Sorting, and the algorithm used to do it efficiently
Results, and whether or not all this is remotely useful.

The disclaimer is that I’m not an expert in any of this stuff, and many would call my Julia code, er, idiosyncratic, so take it all with a healthy pinch of salt.

Preliminaries

We’ll start with some quick benchmarks to figure out what we’re aiming for. The results were somewhat surprising to me – I was fully expecting that disk access would be the number one bottleneck throughout, but modern SSDs are so fast that this isn’t really the case. Writing and reading 150 MiB arrays on my Macbook Pro resulted in speeds of 500 MiB/s and 3750 MiB/s (!) respectively.

Let’s try to put those numbers in perspective. How about computing a simple statistic like sum? If we have an array of a billion floating point numbers – 8 GB of data – we should be able to read out all the data in about two seconds. Summing an array in memory takes about half a second, so in the absolute best case summing our disk array could take about 2.5 seconds – only 5× slower than normal arrays, which is not bad at all.

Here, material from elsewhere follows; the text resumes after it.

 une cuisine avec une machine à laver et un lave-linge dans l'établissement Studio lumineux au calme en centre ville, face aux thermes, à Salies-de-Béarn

Of course, it’s not that simple; our disk arrays are necessarily going to be more complicated internally than simple in-memory ones. If we’re looping a billion times over, then even operations that take only a nanosecond – like dereferencing a pointer, invoking a function, or adding numbers together – will suddenly take a second each. Our baseline target of 2.5 seconds is going to blow up pretty quickly unless our code is really parsimonious.

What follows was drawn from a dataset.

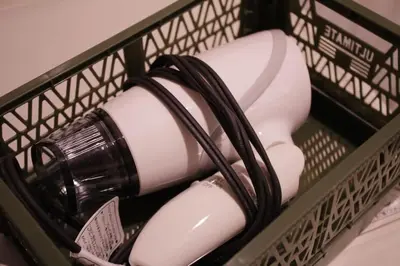 a wire basket with hair dryers and a hair drier at ACT Residence No.1 201 in Tokyo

I’ll set my target time for summing a billion elements on disk as 5 seconds. Sorting raises some different issues, but doing it in-place and in-memory (on a much beefier machine) gives a baseline of around a few minutes. I’ll be happy if we’re within an order of magnitude here.

Let’s see how it goes.

Disk Vectors

The initial implementation of the DiskVector type is going to be pretty simple. We want to create a file in a temporary location to store the elements of a vector1, so we’ll store the file’s name and handle. As a convenience we also store a couple of properties like the length of the array, which are expensive to calculate from the file itself.

type DiskVector{T} <: AVector{T}
  length::Int
  file::UTF8String
  handle::IOStream
  pos::Int
end

The code defines some constructors which initialise the temporary file and ensure that it is deleted when Julia exits (or before if possible). Implementing the push! function gives us a way to append elements to the end of the array:

function Base.push!{T}(v::DiskVector{T}, x::T)
  seekto(v, :end)
  if isbits(T)
    write(v.handle, x)
  else
    serialize(v.handle, x)
  end
  v.length += 1
  v.pos += 1
  return v
end

To put it more simply: go to the end of the file, write the value to disk there, and update the length and position metadata accordingly.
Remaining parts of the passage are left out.